It will be a very interesting test, because market participants know some bad inflation data is coming, yet that doesn't mean market participants will necessarily greet it with the Fed's insouciant take on matters.
The fact that the 10-yr note yield moved so quickly to 1.75% after the Fed chair's latest remarks goes to show that it could end up being a trial by fire for the Fed in the Treasury market in coming months.
A Special Dispensation
If the Fed isn't acquitted by the price action in the Treasury market, the trials and inflation tribulations seem destined to spill over to the stock market via the interest rate channel. They have already to a certain extent, driving the underperformance of the growth stocks versus the value stocks.
The value stocks aren't exempt from the valuation pressures created by rising interest rates, yet they are being granted a special dispensation for now because the jump in long-term rates is also a byproduct of expectations for stronger economic growth. That stronger growth should lead to stronger earnings growth for these value plays, most of which face much easier comparisons and have seen consensus earnings per share estimates increase.
The latter has been an important component of their relative strength thus far in the face of rising long-term rates. Notably, despite a huge price increase for many value stocks since last November, the price-to-earnings growth ratio ("PEG" ratio) of 2.0x for the S&P 500 Value Index is the same as it was on November 1, 2020.
On a PEG basis, then, you're paying the same for expected earnings growth for the value stocks that you were on November 1.
However, the yield on the 10-yr note has gone up 90 basis points since November 1, putting a greater onus on these value stocks -- and all stocks - to live up to the heightened earnings expectations that have accompanied rising stock prices.
What It All Means
Fed Chair Powell sounds comfortable with letting the economy and inflation run hot. He even sounds comfortable leaving long-term rates alone. That could change, he implied, if the behavior of long-term rates leads to disorderly activity in the markets or creates a persistent tightening of financial conditions that get in the way of the Fed meeting its goals.

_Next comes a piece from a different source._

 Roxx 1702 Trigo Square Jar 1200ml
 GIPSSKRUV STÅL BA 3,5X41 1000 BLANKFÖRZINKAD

For now, he is steadfastly walking the party line with respect to the Fed's current monetary policy stance. The stock market looks content to keep partying on that line. The Treasury market, though, doesn't look so sure that it's a good idea to stick to the party line.
Inflation data in the coming months is going to be a test of the resolve of both markets. If the Treasury market fails to pass the open-book test that includes answers on inflation already provided by Fed Chair Powell, then the Treasury market just might spoil the stock market's party-like behavior.